TASK GOAL:
The answer must be an exact copy of the lines from the one with "82 HV5994-001 Lookbook" through the final line below, with no pictures and nothing else.
++++++++++++++++++++
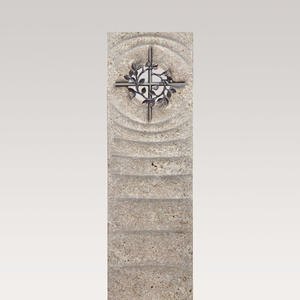 Levanto Spiritus Urnengrab Grabmal Muschelkalk mit Kreuz Symbol Bronze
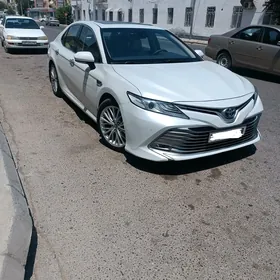 Toyota Camry 2018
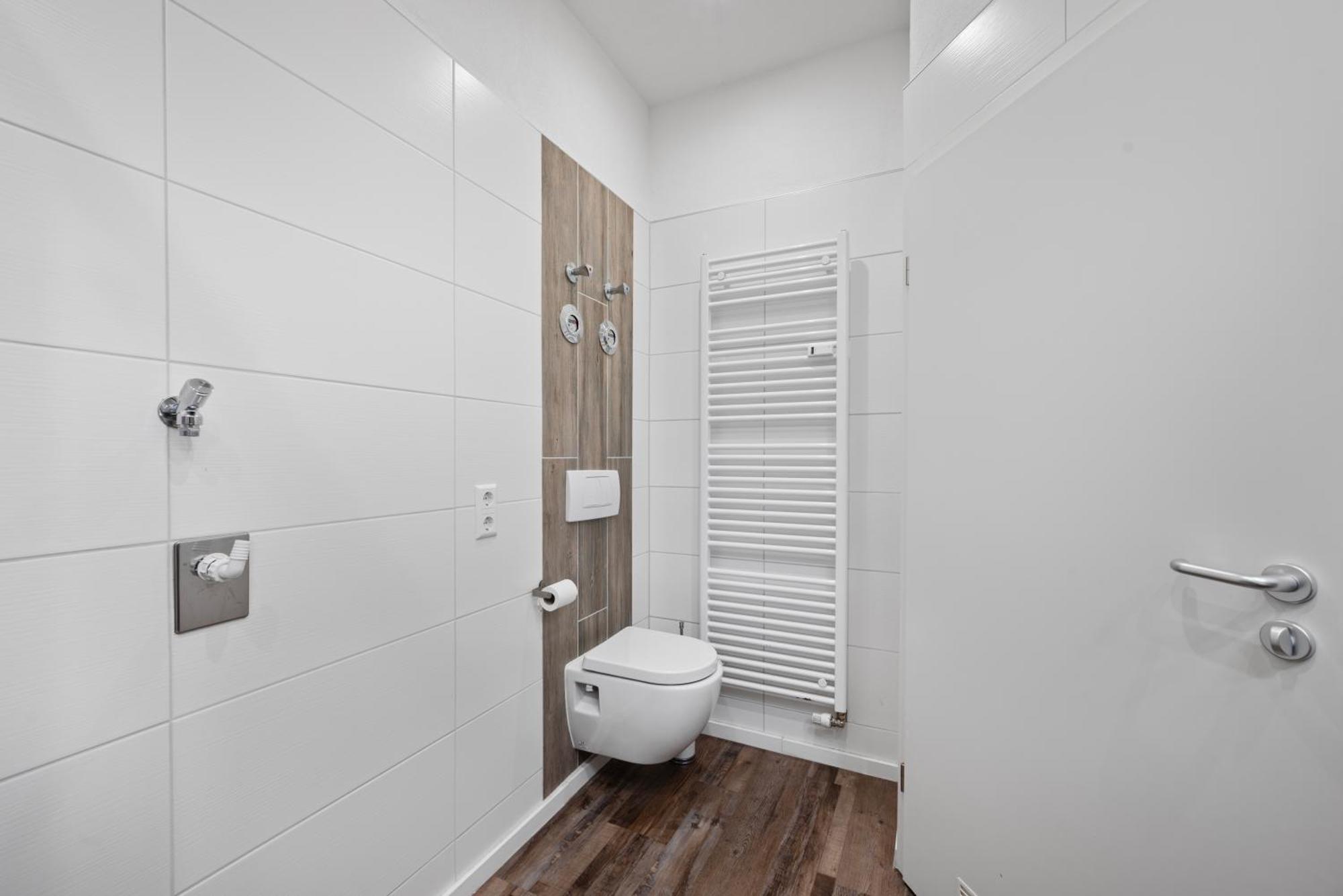 Backhome - Business&Family - Fantastische Schlosslage, Smarttv, Netflix, 50Qm, 24H Checkin - Apartment 1 Ludwigsburg Exterior photo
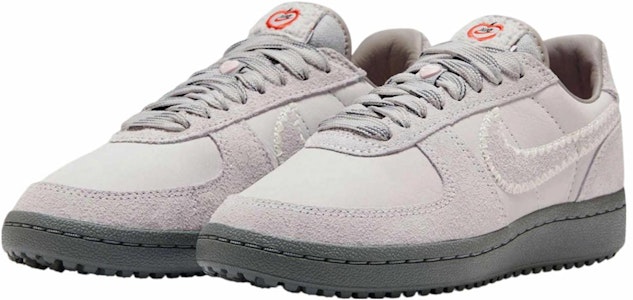 (W) Nike Field General 82 'Valentine's Day 2025' Hari Valentine 2025 Nike 82 HV5994-001 Lookbook (W) Nike Field General 82 'Valentine's Day 2025' Hari Valentine 2025 Nike 82 HV5994-001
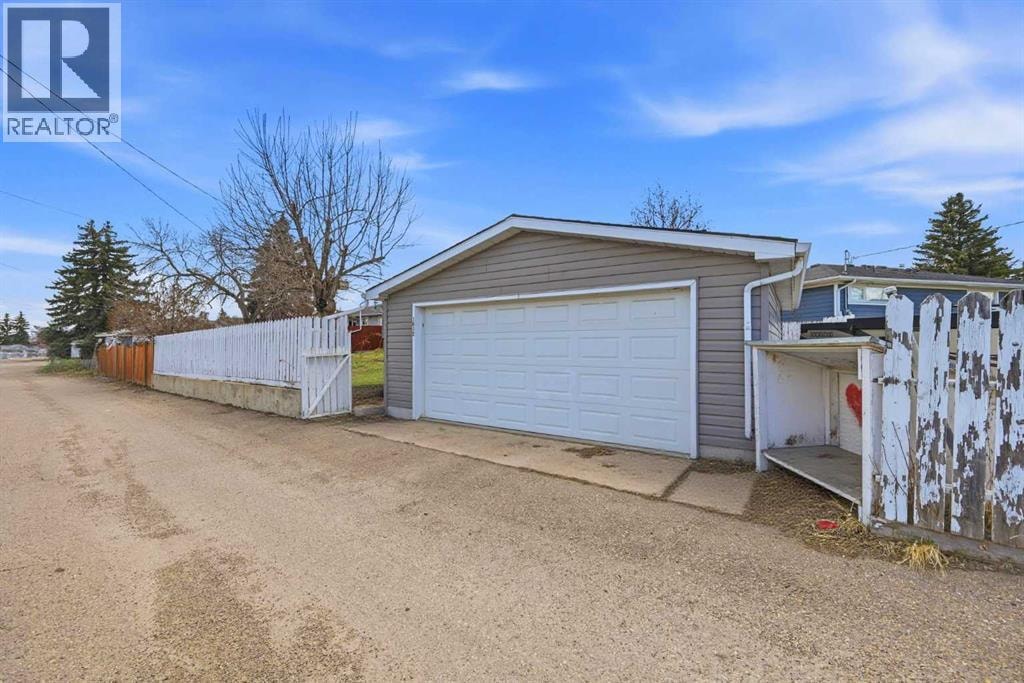 1012 Riddell Place SE — photo 37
++++++++++++++++++++
TASK SOLUTION:
 (W) Nike Field General 82 'Valentine's Day 2025' Hari Valentine 2025 Nike 82 HV5994-001 Lookbook (W) Nike Field General 82 'Valentine's Day 2025' Hari Valentine 2025 Nike 82 HV5994-001
 1012 Riddell Place SE — photo 37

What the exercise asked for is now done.